Source data:
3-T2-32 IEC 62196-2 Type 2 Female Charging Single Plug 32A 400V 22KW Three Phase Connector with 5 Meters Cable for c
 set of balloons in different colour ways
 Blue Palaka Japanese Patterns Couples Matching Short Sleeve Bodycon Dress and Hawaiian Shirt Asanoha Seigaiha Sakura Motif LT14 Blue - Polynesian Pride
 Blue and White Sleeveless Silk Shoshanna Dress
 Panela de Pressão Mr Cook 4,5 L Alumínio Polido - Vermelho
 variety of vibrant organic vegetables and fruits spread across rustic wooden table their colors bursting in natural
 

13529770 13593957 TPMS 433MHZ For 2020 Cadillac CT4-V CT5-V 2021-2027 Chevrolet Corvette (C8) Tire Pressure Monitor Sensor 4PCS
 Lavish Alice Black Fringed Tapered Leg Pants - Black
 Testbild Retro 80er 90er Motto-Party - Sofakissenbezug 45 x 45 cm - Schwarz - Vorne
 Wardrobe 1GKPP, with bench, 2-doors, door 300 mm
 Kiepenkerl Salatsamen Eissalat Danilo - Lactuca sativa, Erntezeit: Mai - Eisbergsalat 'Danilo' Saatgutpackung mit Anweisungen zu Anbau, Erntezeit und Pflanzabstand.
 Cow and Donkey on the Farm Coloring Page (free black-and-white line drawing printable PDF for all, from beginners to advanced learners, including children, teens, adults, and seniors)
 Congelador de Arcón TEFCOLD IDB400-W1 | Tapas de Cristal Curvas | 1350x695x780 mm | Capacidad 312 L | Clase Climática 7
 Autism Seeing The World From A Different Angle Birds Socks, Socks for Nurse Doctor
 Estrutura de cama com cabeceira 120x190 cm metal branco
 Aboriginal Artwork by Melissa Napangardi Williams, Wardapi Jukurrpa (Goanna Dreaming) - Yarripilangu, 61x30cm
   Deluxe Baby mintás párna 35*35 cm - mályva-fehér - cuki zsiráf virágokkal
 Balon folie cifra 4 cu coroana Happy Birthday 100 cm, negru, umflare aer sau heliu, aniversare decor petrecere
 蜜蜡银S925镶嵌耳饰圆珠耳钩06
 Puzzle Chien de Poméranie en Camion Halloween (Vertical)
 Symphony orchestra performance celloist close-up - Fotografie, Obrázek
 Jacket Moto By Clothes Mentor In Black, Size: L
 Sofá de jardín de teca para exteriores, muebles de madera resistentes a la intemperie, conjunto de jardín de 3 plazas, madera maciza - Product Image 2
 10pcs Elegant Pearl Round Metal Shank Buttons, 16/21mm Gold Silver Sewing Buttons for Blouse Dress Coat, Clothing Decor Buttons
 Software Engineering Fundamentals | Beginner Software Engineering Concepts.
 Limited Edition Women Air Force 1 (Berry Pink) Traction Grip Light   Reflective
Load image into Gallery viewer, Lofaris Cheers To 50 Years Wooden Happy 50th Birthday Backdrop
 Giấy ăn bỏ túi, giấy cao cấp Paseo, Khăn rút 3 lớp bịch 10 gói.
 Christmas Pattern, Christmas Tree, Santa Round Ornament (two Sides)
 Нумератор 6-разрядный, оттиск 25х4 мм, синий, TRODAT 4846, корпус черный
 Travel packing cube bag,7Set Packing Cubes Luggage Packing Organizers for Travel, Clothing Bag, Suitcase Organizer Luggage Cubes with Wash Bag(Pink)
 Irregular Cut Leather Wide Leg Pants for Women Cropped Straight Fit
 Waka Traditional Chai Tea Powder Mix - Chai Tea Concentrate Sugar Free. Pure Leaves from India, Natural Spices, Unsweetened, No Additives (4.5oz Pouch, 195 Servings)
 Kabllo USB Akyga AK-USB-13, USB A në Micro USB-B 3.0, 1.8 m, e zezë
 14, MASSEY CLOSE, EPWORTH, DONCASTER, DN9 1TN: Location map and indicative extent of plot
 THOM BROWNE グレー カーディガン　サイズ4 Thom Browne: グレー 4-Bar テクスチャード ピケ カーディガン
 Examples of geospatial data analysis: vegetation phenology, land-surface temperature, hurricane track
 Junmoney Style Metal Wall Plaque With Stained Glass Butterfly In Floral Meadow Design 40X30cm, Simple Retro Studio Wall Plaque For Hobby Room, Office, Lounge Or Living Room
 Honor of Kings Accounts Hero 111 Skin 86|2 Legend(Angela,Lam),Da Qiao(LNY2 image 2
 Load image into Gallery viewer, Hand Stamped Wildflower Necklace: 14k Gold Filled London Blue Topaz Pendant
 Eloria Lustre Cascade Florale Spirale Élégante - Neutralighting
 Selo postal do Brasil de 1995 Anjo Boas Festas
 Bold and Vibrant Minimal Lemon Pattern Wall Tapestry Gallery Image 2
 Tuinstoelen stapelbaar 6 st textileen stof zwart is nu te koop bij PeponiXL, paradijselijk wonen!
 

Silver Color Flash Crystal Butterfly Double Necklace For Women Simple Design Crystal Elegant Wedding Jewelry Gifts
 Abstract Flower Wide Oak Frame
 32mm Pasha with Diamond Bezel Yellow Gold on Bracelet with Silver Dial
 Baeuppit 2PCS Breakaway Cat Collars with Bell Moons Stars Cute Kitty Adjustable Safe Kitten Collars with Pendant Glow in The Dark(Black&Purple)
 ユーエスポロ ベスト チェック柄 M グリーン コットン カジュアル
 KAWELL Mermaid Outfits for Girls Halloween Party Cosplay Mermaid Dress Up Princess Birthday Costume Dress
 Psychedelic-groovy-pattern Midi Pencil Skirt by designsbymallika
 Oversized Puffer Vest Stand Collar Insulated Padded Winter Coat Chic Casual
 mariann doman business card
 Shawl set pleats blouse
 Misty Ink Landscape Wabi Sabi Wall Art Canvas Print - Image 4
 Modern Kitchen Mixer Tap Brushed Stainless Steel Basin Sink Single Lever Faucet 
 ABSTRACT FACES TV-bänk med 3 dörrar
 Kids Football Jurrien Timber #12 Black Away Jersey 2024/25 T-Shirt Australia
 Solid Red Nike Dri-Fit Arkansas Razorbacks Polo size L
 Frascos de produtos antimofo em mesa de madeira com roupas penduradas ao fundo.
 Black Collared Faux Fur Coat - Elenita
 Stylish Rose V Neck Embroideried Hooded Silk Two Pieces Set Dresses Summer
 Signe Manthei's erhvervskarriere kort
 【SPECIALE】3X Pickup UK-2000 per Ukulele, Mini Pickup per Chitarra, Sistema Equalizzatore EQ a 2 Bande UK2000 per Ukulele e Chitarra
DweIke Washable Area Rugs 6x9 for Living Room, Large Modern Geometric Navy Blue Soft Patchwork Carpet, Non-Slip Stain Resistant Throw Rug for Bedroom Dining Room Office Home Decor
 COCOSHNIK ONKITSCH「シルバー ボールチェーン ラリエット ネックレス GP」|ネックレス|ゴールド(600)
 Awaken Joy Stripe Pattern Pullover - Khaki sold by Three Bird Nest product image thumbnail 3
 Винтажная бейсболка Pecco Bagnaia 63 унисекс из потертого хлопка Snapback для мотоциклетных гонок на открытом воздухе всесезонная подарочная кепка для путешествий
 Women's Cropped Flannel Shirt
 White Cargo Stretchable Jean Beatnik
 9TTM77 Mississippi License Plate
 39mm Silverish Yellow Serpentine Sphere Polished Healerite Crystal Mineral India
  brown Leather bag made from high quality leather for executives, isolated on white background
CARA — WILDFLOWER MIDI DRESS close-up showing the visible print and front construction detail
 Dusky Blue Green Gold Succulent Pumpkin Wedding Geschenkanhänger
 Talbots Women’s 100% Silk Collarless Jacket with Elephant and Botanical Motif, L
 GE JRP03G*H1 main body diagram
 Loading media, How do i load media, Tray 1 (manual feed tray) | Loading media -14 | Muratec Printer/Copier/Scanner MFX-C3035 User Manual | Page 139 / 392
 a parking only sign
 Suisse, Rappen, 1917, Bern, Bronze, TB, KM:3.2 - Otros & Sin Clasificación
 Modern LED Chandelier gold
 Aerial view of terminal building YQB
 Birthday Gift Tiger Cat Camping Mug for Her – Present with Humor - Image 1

§ Task requirements: Of all the entries above, repeat only the lines from the line that has "Ukulele e Chitarra" to the line that has "brown Leather bag", both lines included, exactly.

§ Solution:
 【SPECIALE】3X Pickup UK-2000 per Ukulele, Mini Pickup per Chitarra, Sistema Equalizzatore EQ a 2 Bande UK2000 per Ukulele e Chitarra
DweIke Washable Area Rugs 6x9 for Living Room, Large Modern Geometric Navy Blue Soft Patchwork Carpet, Non-Slip Stain Resistant Throw Rug for Bedroom Dining Room Office Home Decor
 COCOSHNIK ONKITSCH「シルバー ボールチェーン ラリエット ネックレス GP」|ネックレス|ゴールド(600)
 Awaken Joy Stripe Pattern Pullover - Khaki sold by Three Bird Nest product image thumbnail 3
 Винтажная бейсболка Pecco Bagnaia 63 унисекс из потертого хлопка Snapback для мотоциклетных гонок на открытом воздухе всесезонная подарочная кепка для путешествий
 Women's Cropped Flannel Shirt
 White Cargo Stretchable Jean Beatnik
 9TTM77 Mississippi License Plate
 39mm Silverish Yellow Serpentine Sphere Polished Healerite Crystal Mineral India
  brown Leather bag made from high quality leather for executives, isolated on white background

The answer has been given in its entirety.